I have always and will always contend that the dramatic price gains made by silver in April 2011 were not the result of a speculative bubble. A simple review of the CoT structure from that time bears this out.

CoT date 4/5/11

Price: $38.50

Large Specs: 48,890 long and 12,105 short. Net long ratio of 4.04:1

Small Specs: 35,002 long and 15,373 short. Net long ratio of 2.28:1

The Silver Cartel: 89,827 short and 33,413 long. Net short ratio of 2.69:1

CoT date 4/26/11

Price: $49.50 (up 28%)

Large Specs: 43,078 long and 18,083 short. Net long ratio of 2.38:1 (a drop of 54%)

Small Specs: 36,144 long and 18605 short. Net long ratio of 1.94:1 (a drop of 25%)

The Silver Cartel: 78,297 short and 35,763 long. Net short ratio of 2.19:1 (a drop of 29%)

If a speculative bubble had occurred, we should have seen an opposite CoT reaction. Spec long ratios should have been exploding, not contracting, and the net short ratio of The Evil Empire should have expanded.

Instead, price rose dramatically throughout April. "Speculators" were covering positions and adding shorts into the rise that was being induced by the Cartel's covering of 11,530 contracts while simultaneously buying 2,35o new longs.

Why was The Silver Cartel panicking last April? Much of the concern seems to have centered around physical delivery. There was much talk that month about an impending silver Comex default.
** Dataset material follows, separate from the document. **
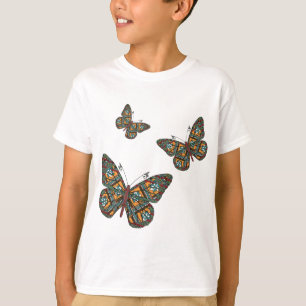 Ukrainisches Monarchkid- und Baby-Shirt T-Shirt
Was it all hype and mindless speculation or were the bullion banks fully aware of the situation and trying to extricate themselves as quickly as possible? Well, go back and read this:

and this:

From the 4/27/11 link directly above, here's the "money paragraph":

"To our (lack of) surprise, a quick glance at today's silver holdings at the Comex confirms that the trend of reclassification is continuing unabated, and total "physical" silver across the entire Comex universe has now plunged by almost 20%, or from 41 million ounces to 33 million ounces, in the span of one week! And while last week it was Scotia Mocatta, today it is HSBC and the Delaware Depository, and the reason given: "Adjustments include reporting classifications of t oz that were moved from Registered to Eligible.  Please see Special Executive Report reference 5736 for additional information." And a further drill down reveals the following link. Many have speculated that there could well be a run on physical silver. But for those looking for a smoking gun, this is probably as close as you will get to one, short of JPM actually declaring "force majeure."
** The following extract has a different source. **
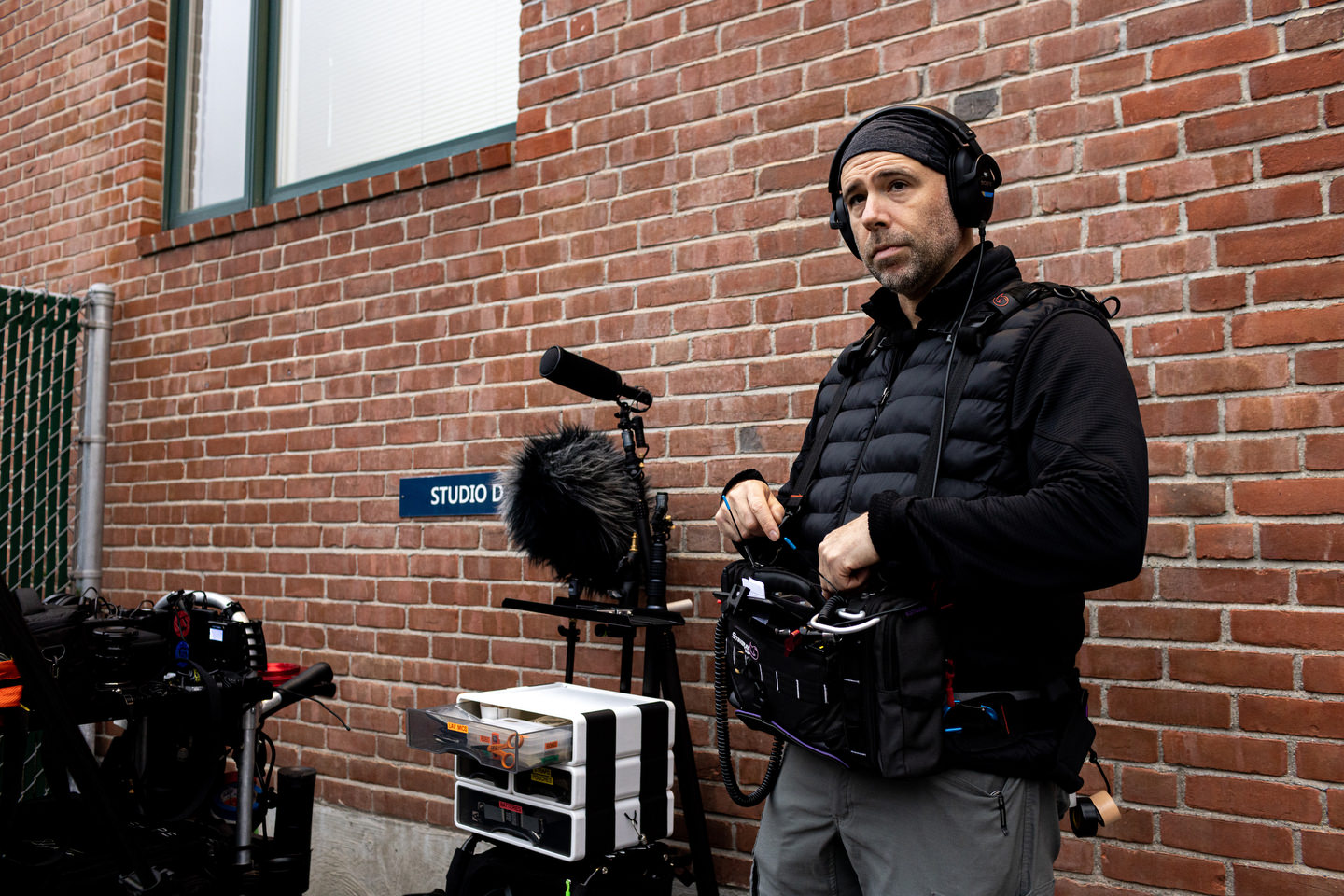 David Apuzzo, Photography - Behind the Scenes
By late April, the banks had successfully decreased their net position by 14,000 contracts but had driven price UP by 28% in the process and now all indications were that physical silver for delivery was being hoarded. Then, on Monday, April 25, the CME raised margin requirements for silver by over 10%. Was this move an attempt to coerce May11 contract holders away from taking delivery? By Thursday, April 28, price had not fallen materially and open interest in the May11 was still at 10,963, one day before first notice day. Is this why the CME raised margins again (another 15%) that evening, effective at the close on Friday, the 29th? Regardless, one year ago tonight it was obvious to The Cartel that they couldn't continue on their present course and it was time for dramatic action, consequences be damned.
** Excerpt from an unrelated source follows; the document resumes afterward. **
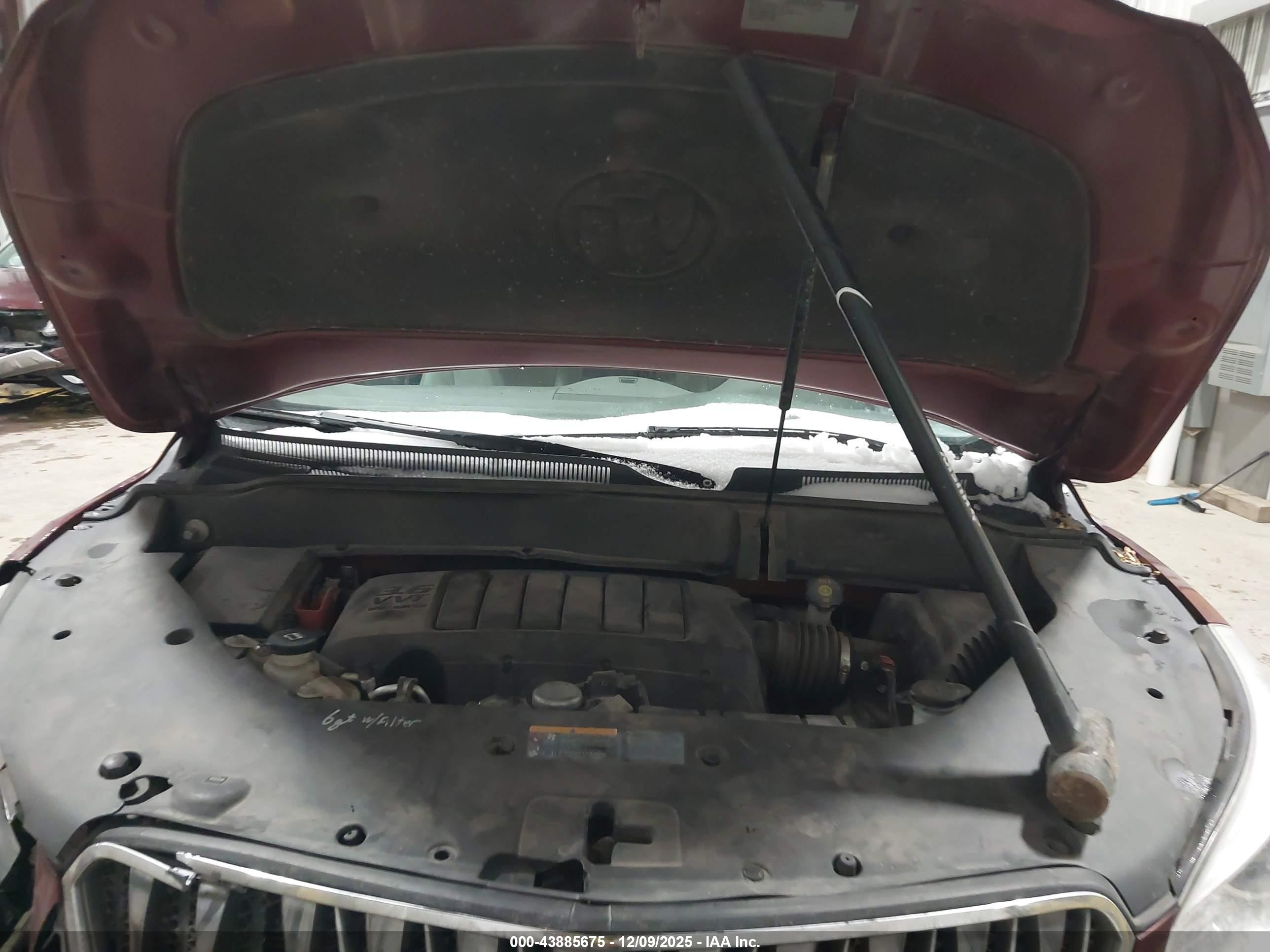 BUICK ENCLAVE image 10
It's now one year later. Silver has seen additional wild price swings and other dramatic beatdowns but where is price currently? In the days immediately following The Sunday Night Massacre, silver traded as low at $32.60 before rebounding. When trading reopens this evening, silver is at $31.30. (Interestingly, gold over the same time period bottomed at $1471 yet stands tonight at $1665.) Since the paper price of silver hasn't changed much since from those panic lows of early May last year, maybe we should look at the market internals again.

CoT date 4/24/12

Price: $30.75

Large Specs: 28,913 long and 12,442 short. Net long ratio of 2.32:1

Small Specs: 19,247 long and 13,365 short. Net long ratio of 1.44:1

The Silver Cartel: 70,697 short and 48,344 long. Net short ratio of 1.46:1

From the peak of The Great Cartel Panic of 2011, paper price has fallen almost 40%. Over the same time period, large spec longs have cut their positions by 32% while maintaining a nearly identical net long ratio near 2.3:1. The small specs have trimmed their long exposure nearly in half while decreasing their net long ratio by 25%. The real change in The Cartel position. The total short position has declined from nearly 90,000 in early April 2011, to 78,000 by late April to just 70,697 today. This is a drop of over 20%. Conversely, The Cartel long position has grown from nearly 33,000 in early April last year to 48,344 today for a growth of almost 50%! And the Cartel net short position, which peaked at 2.7:1 last year has been cut nearly in half. WOW! From the perspective of The Silver Bullion Banking Cartel, the past 12 months have been a smashing success!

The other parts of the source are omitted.